Salar de Atacama
"The Salar doesn't care about your sense of scale. It will break it, and not apologize."
I walked onto the Salar de Atacama and immediately lost the ability to judge distance. There is nothing to triangulate against — no trees, no landmarks, no variation in height, just the white plain running out in all directions until it meets the base of the Andes in a clean, almost architectural line. The mountains look closer than they are. Everything looks closer than it is, and then farther, and the mind keeps recalculating. I stood there for a while just trying to decide where the horizon was.
The surface is not smooth, which surprises people who have seen photographs. The salt has organized itself into a mosaic of hexagonal polygons, separated by raised ridges, each polygon slightly cupped in the center. When you walk across them, they ring hollow underfoot — there are brine channels and cavities below. In places near the edge of the flat, the salt has built up into rough white towers, some knee-height, crusted with crystals that catch the light at odd angles. The whole flat smells faintly of something mineral and clean, the smell of extreme dryness, of water that has been gone from a place for a very long time and left its mineral signature behind.

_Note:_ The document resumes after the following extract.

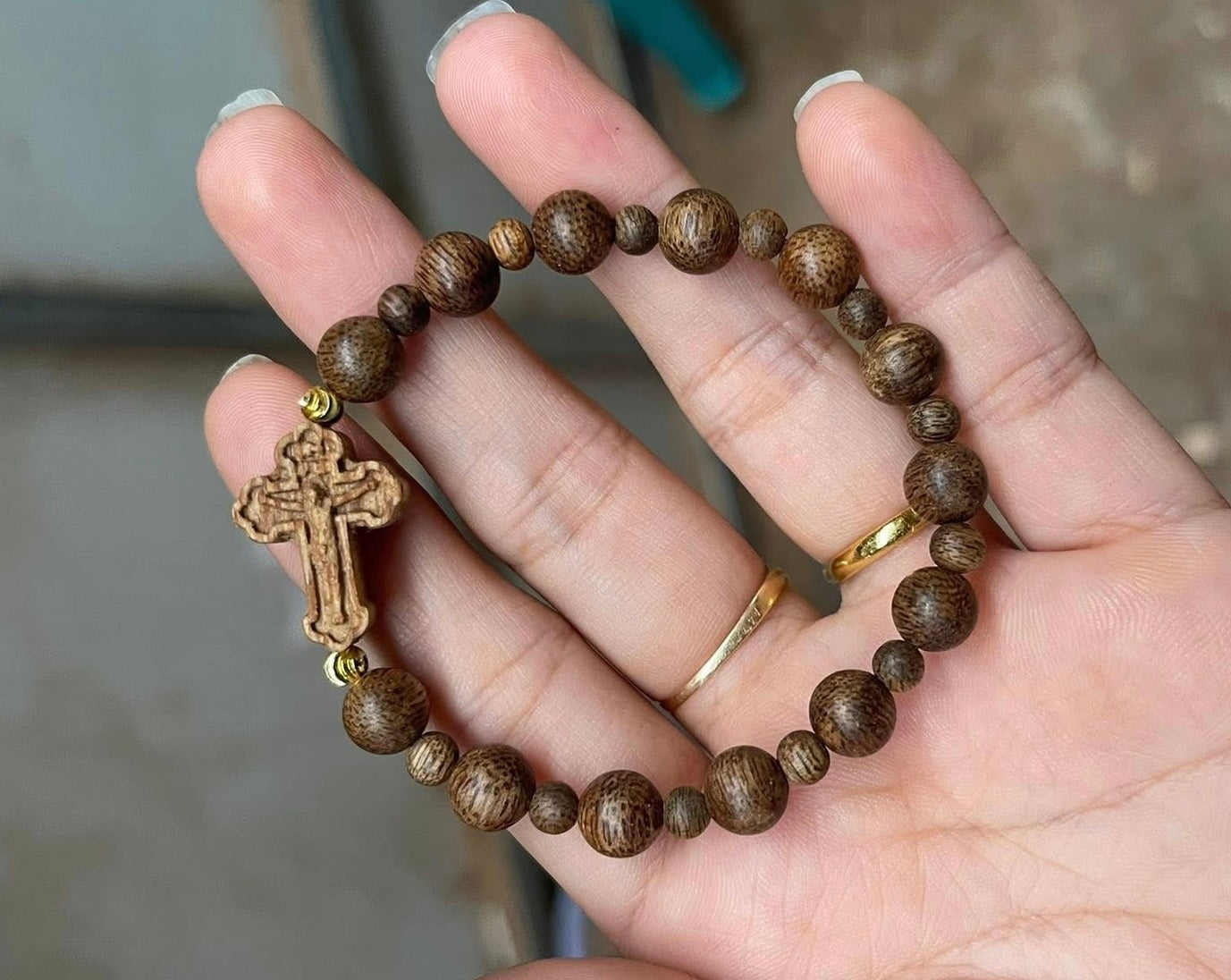 AgarWood Rosary Bracelet, Handmade Catholic Rosary From Jerusalem,Christmas Cross bracelet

What the photographs don’t tell you is that the Salar de Atacama sits atop one of the world’s largest lithium reserves, and the industrial extraction happening at its edges has become a fault line in Chilean politics. The lakes that feed the Salar’s brine — Laguna Miscanti, Laguna Miñiques, a dozen smaller pools — are connected to the salt flat through underground channels, and the pumping of brine for lithium extraction has begun to affect water levels. You can see the processing facilities from certain viewpoints: white chemical ponds in the distance, gleaming among the natural white of the salt. It is unsettling in a specific way, watching industry that looks almost indistinguishable from the landscape it is consuming.
But that complexity is also what makes the Salar honest as a destination. It is not just beautiful, it is contested. It sits at the intersection of geology and economics, of indigenous water rights and global battery supply chains. Standing on that flat white plain, you are standing on the future of electric cars and renewable energy, whether that registers with you or not. The man who drove me out here told me his grandfather had walked across this flat on foot in the 1950s. His grandfather’s community now meets with mining lawyers twice a year.

At the northern edge of the Salar, near the outflow channels, you can find sections of flat water in the morning that mirror the sky perfectly. Not as deep or dramatic as the Bolivian Uyuni, but intimate and beautiful in their own right — the mountains doubled below the horizon, flamingos walking through their own reflections, the whole scene composed with a stillness that feels provisional, like it could dissolve at any moment.
When to go: Any dry season month — March through May and September through November are ideal. In summer, the rains can turn edge sections to mud. Midday is harsh under open sky; morning and late afternoon are when the mirror effects and the low-angle light are best.